I am having a rough week. I am not adjusting well to being inside so much, or driving. I miss the warmth, and the beach, and the free feeling of the village. People there were not full of judgment the way people here are. Nor did they expect so much out of people, they just allowed everyone to be free, and themselves, and shared the joy.
We are all, every one of us, damaged. It’s from being alive, living, loving, falling, learning, trying, failing, adventuring, trying again, healing, hurting, crying, growing… I try not to look at it as damaged. I try to see it as being alive. But some days we all feel damaged in some way or another.

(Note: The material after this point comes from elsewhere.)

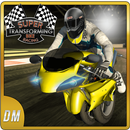 Super Transforming Bike Racing APK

Someone very dear to me tonight wrote me, “Lay your head down tonight and know you are loved.” I don’t think anyone has every said something so sweet, genuine, and loving to me. It totally ruined my perfectly shitty mood. I went from feeling sorry for myself, pathetic, puffy swollen eyes and snot bubbles, to feeling a little bit of a smile. Then a little warmth in my heart. And love, and hope. Not for anything specific, but hope in general, that everything will be better.
He reminded me that paradise is in our minds and in our hearts, we are all there, space is no time. He also reminded me to stay strong, not to stifle, speak my mind, stretch, live. I can’t feel it right now though. I can’t close my eyes and feel the joy of paradise in my mind. I lost it somehow, coming back. I promised I wouldn’t lose it, and promised to keep it alive in my heart, every day, bring paradise back with me and grow it within me and I would grow with it too.
All the walls here— physically and metaphorically, stifle me. I can’t connect, can’t feel the earth, the air, energy of life. I can’t feel love from here. I am wearing shoes, and can’t feel mother earth through the buildings, or cement, through closed windows and doors, floors and ceilings. Help- I am locked inside, losing air, feeling stifled and sad.
But sometimes, someone even far away, knows your heart, knows when to send love, and can blow a breeze, send a throught, that will ruffle the curtains on your shuttered up windows, and let the sun peek in… and you know you are not alone, and you feel love.